Опубликовано в журнале Зеркало, номер 29, 2007
***
Молоденькая милая Пульхерия
Зачем с тобой случилася истерия
Ну хорошо – разбилась эта баночка
Зачем же ты рыдаешь так засраночка
Давай скорей сниму твои я трусики
И ты раздвинешь нежные мамусики
И Николай Васильевич в окошечко
Подсмотрит как ебу тебя я крошечка
И вот тогда сквозь эту щелку узкую
Мы попадем в литературу русскую
И про совокупление невинное
Филологи напишут книги длинные
И навсегда останемся мы в вечности
Примером и любви и человечности
4 января 2007 года
Тель-Авив
№ 722
***
Вы приезжайте, когда будут белые ночи…”
Анна Ахматова Михаилу Гробману в разговоре 1959 года.

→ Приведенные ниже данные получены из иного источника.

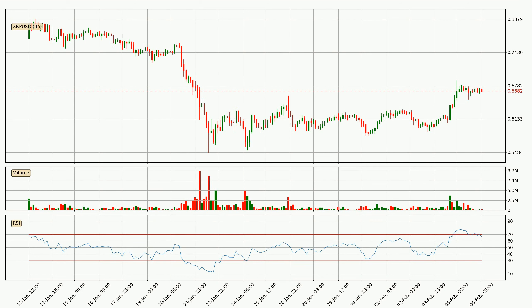Generally, the bigger timeframes have a bigger impact on the price, so please keep that in mind when different timeframes show contrasting indicators. Also, the shorter timeframes are only representative for short-term trading.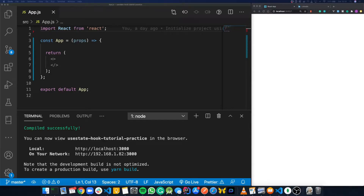The useState hook is one of the most common hooks you'll use as a developer, so it's important to know how it works. In this video, we're going to take a run-through of what the useState hook is and three common examples of when you're going to use it in your components.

Черной тканью обтянутый зад
Друг на дружку похожие крошки
Ты такой теперь Ленинград
Впрочем был ли иным когда-то
В оловянной воде Невы
Утопивший родного брата
Да и сам не снес головы
Как назвал себя словом Питер
Из щелей полезла чума
И бока ты свои повытер
И совсем лишился ума
Растеклись прозрачные зомби
По тропинкам белых ночей
Ты лежишь на петровской бомбе
Она тикает меж кирпичей
Ни людей ни любви ни свободы
Лишь высоких дворцов красота
Там где черти немецкой породы
Начинали с пустого листа
Сирота на чухонских развалах
Чудный сад на крови и костях
Ты затонешь в чугунных подвалах
С немотой в посиневших устах
13 14 15 февраля 2007 года
Тель-Авив
№ 726
***
Боясь бессоницы я лег как можно позже
Небесная вода стучала по стеклу
Квартирному настойчивей и строже
Пока не оказалась на полу
И тут возник в ней силуэт знакомый
Он растекался ширился и пух
Неодолимо гнусной глаукомой
И заслонял и зрение и слух
Я бросился бежать но ватные ступени
Скользили подо мной и вдруг возник обрыв…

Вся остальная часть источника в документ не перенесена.